裁判での弁護活動に取り組む弁護士の水谷真実(→プロフィールはこちら)です。
賃貸人が、賃借人(転貸人)が無断転貸をしたことを理由に建物の明渡しを求める裁判を行ったとします。
賃借人(転貸人)が転借人に建物を店舗用(レストラン)に転貸借をしました。
その後、賃貸人が賃借人(転貸人)と転借人に対して建物の明渡しの裁判をします。
賃借人(転貸人)はでていきたくありません。
転借人は、レストラン営業を続けるために、賃貸人と契約をしたいと考えております。
それぞれの立場から(裁判において)
賃借人(転貸人)の立場から
賃借人としては、契約書記載の条項の違反がないことや、賃貸人との間で信頼関係が破壊されていないことを主張することになります。
また、転貸借の期間が長引けば、賃貸人が転貸借を承諾をしていたという主張も考えられます。

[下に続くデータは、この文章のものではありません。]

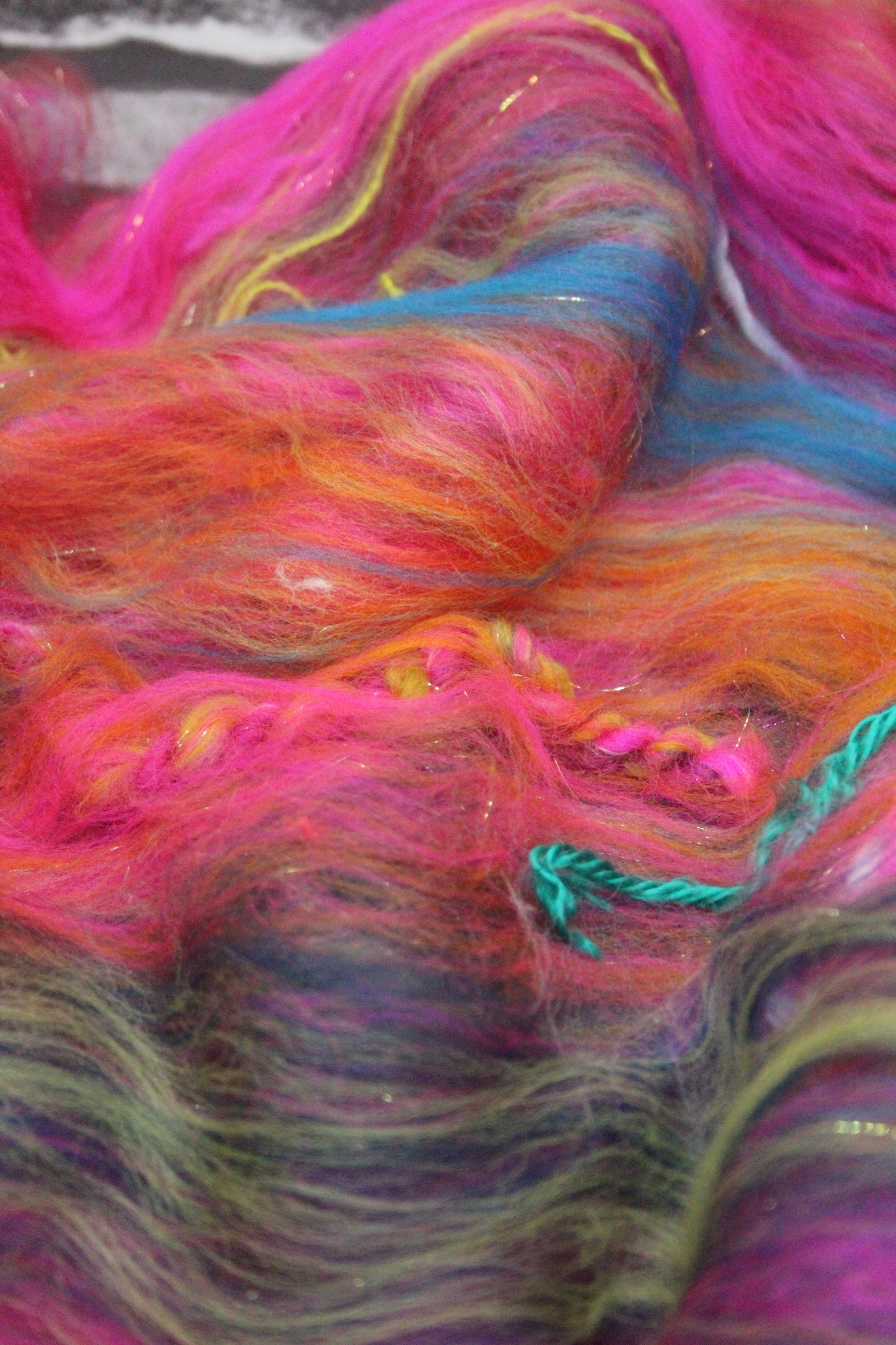 Merino Wool Blend - Red Pink Orange Blue Green + Scrap Yarns - 60 grams / 2.1 oz - Fibre for felting, spinning and weaving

賃借人(転貸人)としては、自分と転借人との関係性を考慮するべきでしょう。
転借人と協力して裁判を一緒にやっていけるのか、または、転借人との関係が悪いので一緒に裁判をやることは不利になるのではないかを考えるべきです。
そのため、賃借人(転貸人)としては、普段から転借人との関係を良好にしておくべきでしょう。

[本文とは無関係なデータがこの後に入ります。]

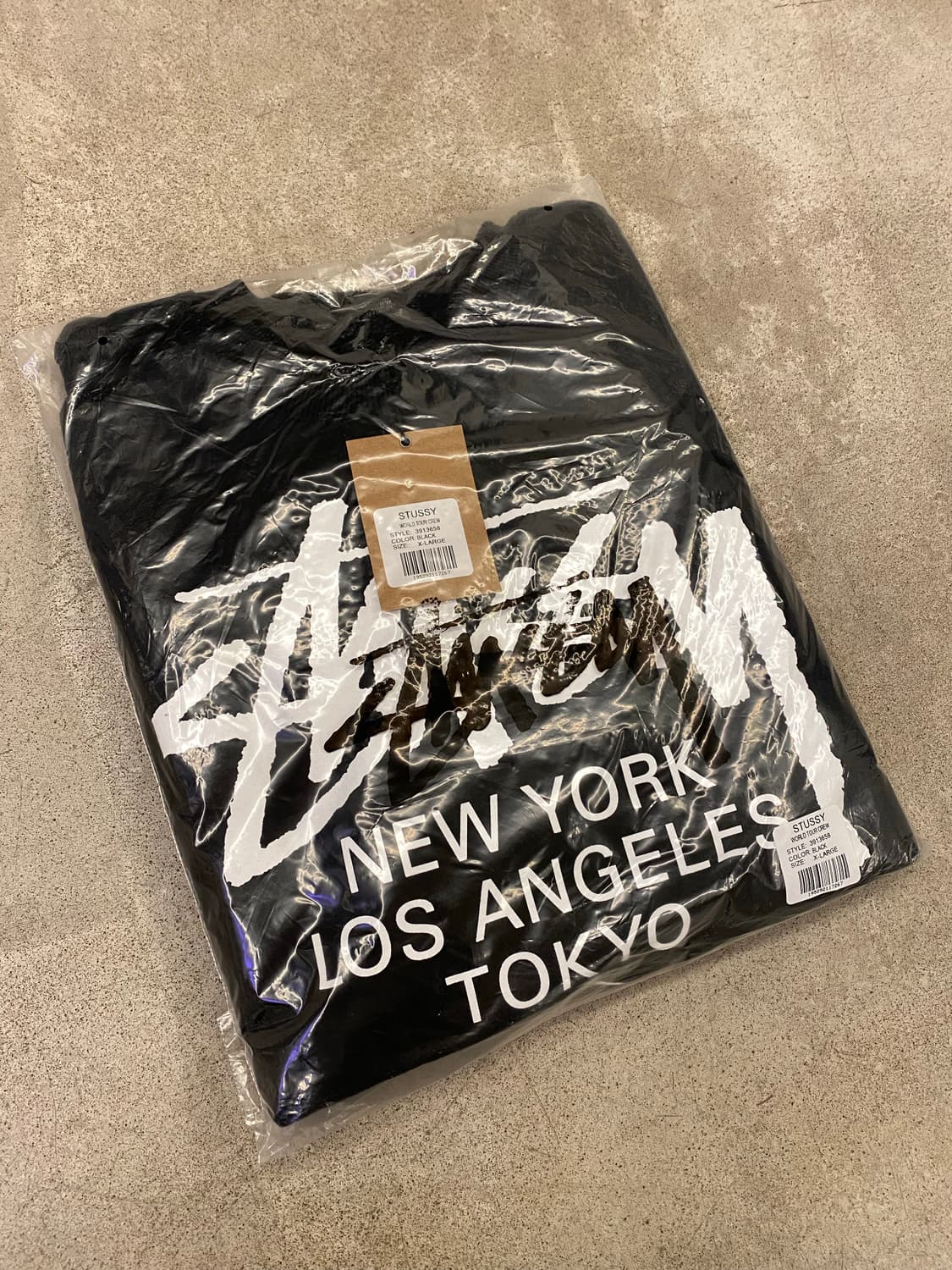 스투시 월드투어 크루넥 상품이미지3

仲が良くないと、裁判になった際に、転借人が自分に不利に主張立証をする可能性があります。
転借人の立場から
転借人としては、最初にどのように訴訟を進めていくか考える必要があります。
賃借人(転貸人)との裁判を分離するのか、それとも賃借人(転貸人)と一緒の裁判でやるのかを考える必要があります。
どちらにするのが自分にとりメリットがあるのかを考える必要があります。
冒頭の事案では、転借人はレストラン営業を続けるために、賃貸人と新たに契約をしたいと考えております。
そうすると、賃借人(転貸人)と一緒の裁判をやることを主張することになるでしょう。
一緒の裁判ですと、賃貸人に有利になるような主張立証をすることができます。
賃貸人の立場から
賃借人と和解するべきか、それとも和解をせずに判決を求めるか考えることになります。
賃借人(転貸人)や転借人がどういう関係も考えることになります。
冒頭の事案だと、転借人がレストランの営業の継続を望んでいることから、転借人と歩調を合わせることが考えられます。
最後に
最初は、まさか裁判にまではならないだろうと思うでしょう。
しかし、店舗などの転貸借の場合は、トラブルになることがままあります。
そのため、賃貸人、賃借人(転貸人)、転借人共に、将来トラブルになるかもしれない、裁判になるかもしれないことを念頭において、行動する必要があります。